EU environment commissioner threatens tougher controls on fluorinated gases implicated in global warming.

Arthur Rogers, Brussels

European Union Environment Commissioner Stavros Dimas is threatening tougher controls on use of fluorinated gases implicated in global warming.

Dimas issued the warning on 1 February after environment ministers and members of the European Parliament agreed prohibitions and restrictions on use of 17 hydrofluorocarbons (HFCs), seven perfluorocarbons (PFCs) and sulfur hexafluoride (SF6).

Much will depend, said Dimas, on the success of new rules to prevent emissions from sealed systems in which use of fluorinated gases remains permitted. This EU legislation lays down requirements for leak detection equipment in major installations such as cold stores using 300kg or more of fluorinated gases (f-gases) as refrigerants, regular checks by inspectors trained to EU-wide standards, and other rules on containment, reclamation and/or safe destruction of f-gases.

Smaller operations using as little as 3kg of controlled refrigerants face new record-keeping obligations, to enable the EU to monitor   progress toward curbing greenhouse emissions of f-gases covered by the Kyoto protocol.

Uses that lead to uncontrolled emissions will be prohibited, as in tyres, insulating foam and window units. Frivolous applications, notably self-chilling drink cans, ’air technology’ trainer shoes and party aerosols, are also banned.

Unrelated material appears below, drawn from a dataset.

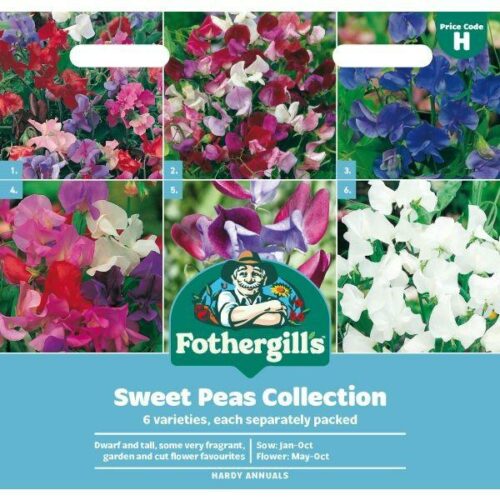 Sweet Pea Seed Collection Product Image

In the case of the niche application of SF6 in magnesium die-casting - a use which has escaped regulation to date - firms will be limited to 850 kg per year.

While fluorinated gases account for only two per cent of EU greenhouse gas emissions, they have long atmospheric lifetimes and their global warming potential (GWP) is generally thousands of times greater than that of CO2 - SF6 is calculated to have a GWP almost 30 000 times greater.

The new EU controls, which must now be rubber stamped by the European parliament and the 25 EU state governments, aim to reduce EU emissions of f-gases by the equivalent of 23 million tonnes of CO2 by 2020. 

For industry, the new EU legislation will entail a switch to alternatives barely a decade after firms turned to HFCs and PFCs as replacements for chlorofluorocarbons and hydrochlorofluorocarbons banned or restricted under the Montrealprotocol.

Irish MEP Avril Doyle, one of the parliament’s lead negotiators, told Chemistry World, ’The EU is already embarked on its drive to reduce CO2 emissions. The new legislation should ensure that EU emissions of fluorinated gases will be reduced by more than 20 per cent from 1995 levels by 2012.’